> [To do]: Locate the line containing "Wellihilli Park Resort", then please write out that line and all the lines below it in the entries exactly.

> [Exercise inputs]:
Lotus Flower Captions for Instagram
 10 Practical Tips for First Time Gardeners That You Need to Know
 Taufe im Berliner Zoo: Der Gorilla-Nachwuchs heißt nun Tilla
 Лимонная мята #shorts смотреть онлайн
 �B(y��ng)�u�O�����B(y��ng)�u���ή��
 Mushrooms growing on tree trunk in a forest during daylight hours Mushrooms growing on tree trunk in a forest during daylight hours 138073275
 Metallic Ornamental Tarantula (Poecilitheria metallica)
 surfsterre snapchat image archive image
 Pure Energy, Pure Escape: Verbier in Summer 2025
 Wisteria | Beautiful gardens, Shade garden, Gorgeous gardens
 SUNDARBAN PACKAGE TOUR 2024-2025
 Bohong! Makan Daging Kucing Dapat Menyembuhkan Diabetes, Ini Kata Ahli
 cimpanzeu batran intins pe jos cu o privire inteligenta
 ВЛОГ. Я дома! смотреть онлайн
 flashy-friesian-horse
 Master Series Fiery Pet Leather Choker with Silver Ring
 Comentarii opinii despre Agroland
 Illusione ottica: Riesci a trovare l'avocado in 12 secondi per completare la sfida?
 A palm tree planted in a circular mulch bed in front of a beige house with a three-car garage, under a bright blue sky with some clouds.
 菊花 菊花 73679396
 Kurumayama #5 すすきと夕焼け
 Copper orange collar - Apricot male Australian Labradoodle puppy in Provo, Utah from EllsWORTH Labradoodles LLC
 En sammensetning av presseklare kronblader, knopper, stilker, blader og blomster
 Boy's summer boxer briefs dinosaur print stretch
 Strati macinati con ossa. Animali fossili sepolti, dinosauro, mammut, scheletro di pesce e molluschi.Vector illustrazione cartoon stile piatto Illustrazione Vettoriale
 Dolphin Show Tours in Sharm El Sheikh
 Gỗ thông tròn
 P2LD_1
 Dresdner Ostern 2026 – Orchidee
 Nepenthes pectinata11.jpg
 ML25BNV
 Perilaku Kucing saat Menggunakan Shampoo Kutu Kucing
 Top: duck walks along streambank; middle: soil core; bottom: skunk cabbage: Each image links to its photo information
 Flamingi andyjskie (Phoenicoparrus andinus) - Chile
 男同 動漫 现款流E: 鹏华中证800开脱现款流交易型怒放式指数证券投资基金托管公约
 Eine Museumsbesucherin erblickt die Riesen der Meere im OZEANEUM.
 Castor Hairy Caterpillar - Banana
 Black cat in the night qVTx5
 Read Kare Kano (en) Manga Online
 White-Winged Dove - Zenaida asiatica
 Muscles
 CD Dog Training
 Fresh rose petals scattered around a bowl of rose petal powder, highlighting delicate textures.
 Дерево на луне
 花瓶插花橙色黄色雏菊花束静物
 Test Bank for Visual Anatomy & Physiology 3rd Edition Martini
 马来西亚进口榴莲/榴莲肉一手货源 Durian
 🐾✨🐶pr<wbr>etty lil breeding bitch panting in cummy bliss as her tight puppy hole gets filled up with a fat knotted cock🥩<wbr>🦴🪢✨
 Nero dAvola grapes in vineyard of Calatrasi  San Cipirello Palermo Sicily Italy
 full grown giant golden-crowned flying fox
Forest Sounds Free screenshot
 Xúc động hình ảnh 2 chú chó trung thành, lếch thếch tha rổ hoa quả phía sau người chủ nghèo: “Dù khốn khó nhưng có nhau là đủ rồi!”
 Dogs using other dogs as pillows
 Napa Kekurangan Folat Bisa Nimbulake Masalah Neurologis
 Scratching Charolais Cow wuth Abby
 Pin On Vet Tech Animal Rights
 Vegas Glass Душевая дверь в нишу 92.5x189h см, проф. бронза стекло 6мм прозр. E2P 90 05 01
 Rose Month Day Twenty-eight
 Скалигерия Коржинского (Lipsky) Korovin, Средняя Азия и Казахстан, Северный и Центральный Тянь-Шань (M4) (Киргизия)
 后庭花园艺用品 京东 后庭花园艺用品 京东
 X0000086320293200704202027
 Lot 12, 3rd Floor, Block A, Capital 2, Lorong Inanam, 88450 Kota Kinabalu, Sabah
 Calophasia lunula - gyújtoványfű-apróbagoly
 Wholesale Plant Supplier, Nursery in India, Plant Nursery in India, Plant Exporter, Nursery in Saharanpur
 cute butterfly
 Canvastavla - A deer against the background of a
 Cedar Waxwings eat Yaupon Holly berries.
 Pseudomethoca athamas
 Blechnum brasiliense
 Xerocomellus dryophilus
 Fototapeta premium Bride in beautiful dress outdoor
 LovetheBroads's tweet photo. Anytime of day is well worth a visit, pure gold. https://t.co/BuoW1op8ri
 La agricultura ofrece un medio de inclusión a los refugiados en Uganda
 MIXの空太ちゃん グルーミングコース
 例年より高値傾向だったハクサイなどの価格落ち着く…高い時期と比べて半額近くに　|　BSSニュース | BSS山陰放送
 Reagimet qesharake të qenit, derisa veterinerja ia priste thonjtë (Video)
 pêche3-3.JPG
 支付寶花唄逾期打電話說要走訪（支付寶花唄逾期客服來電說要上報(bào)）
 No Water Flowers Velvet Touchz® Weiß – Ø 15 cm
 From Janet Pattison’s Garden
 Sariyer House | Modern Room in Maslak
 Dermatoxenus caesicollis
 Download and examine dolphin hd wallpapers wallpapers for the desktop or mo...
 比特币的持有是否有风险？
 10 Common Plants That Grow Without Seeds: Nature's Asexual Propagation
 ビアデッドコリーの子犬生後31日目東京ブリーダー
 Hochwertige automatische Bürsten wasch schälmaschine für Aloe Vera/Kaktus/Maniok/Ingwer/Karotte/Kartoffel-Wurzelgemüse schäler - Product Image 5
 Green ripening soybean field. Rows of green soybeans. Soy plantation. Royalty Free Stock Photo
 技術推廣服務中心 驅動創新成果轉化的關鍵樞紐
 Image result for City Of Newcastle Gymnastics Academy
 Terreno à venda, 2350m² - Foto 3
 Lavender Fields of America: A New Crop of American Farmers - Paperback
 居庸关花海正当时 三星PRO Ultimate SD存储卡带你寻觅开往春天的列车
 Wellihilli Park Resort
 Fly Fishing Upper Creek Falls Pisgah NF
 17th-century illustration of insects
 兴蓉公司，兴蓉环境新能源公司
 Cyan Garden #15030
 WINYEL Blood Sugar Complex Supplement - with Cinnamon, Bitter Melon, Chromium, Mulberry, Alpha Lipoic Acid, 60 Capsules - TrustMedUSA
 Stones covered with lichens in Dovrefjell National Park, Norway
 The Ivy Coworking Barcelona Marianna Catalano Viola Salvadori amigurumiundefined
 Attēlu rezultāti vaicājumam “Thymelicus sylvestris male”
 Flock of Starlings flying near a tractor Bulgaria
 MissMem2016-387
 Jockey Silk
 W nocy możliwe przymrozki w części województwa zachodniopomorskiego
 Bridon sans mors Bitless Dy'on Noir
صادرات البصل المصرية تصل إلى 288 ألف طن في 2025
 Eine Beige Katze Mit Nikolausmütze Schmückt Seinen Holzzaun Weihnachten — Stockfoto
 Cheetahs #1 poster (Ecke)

> [Task solution]:
 Wellihilli Park Resort
 Fly Fishing Upper Creek Falls Pisgah NF
 17th-century illustration of insects
 兴蓉公司，兴蓉环境新能源公司
 Cyan Garden #15030
 WINYEL Blood Sugar Complex Supplement - with Cinnamon, Bitter Melon, Chromium, Mulberry, Alpha Lipoic Acid, 60 Capsules - TrustMedUSA
 Stones covered with lichens in Dovrefjell National Park, Norway
 The Ivy Coworking Barcelona Marianna Catalano Viola Salvadori amigurumiundefined
 Attēlu rezultāti vaicājumam “Thymelicus sylvestris male”
 Flock of Starlings flying near a tractor Bulgaria
 MissMem2016-387
 Jockey Silk
 W nocy możliwe przymrozki w części województwa zachodniopomorskiego
 Bridon sans mors Bitless Dy'on Noir
صادرات البصل المصرية تصل إلى 288 ألف طن في 2025
 Eine Beige Katze Mit Nikolausmütze Schmückt Seinen Holzzaun Weihnachten — Stockfoto
 Cheetahs #1 poster (Ecke)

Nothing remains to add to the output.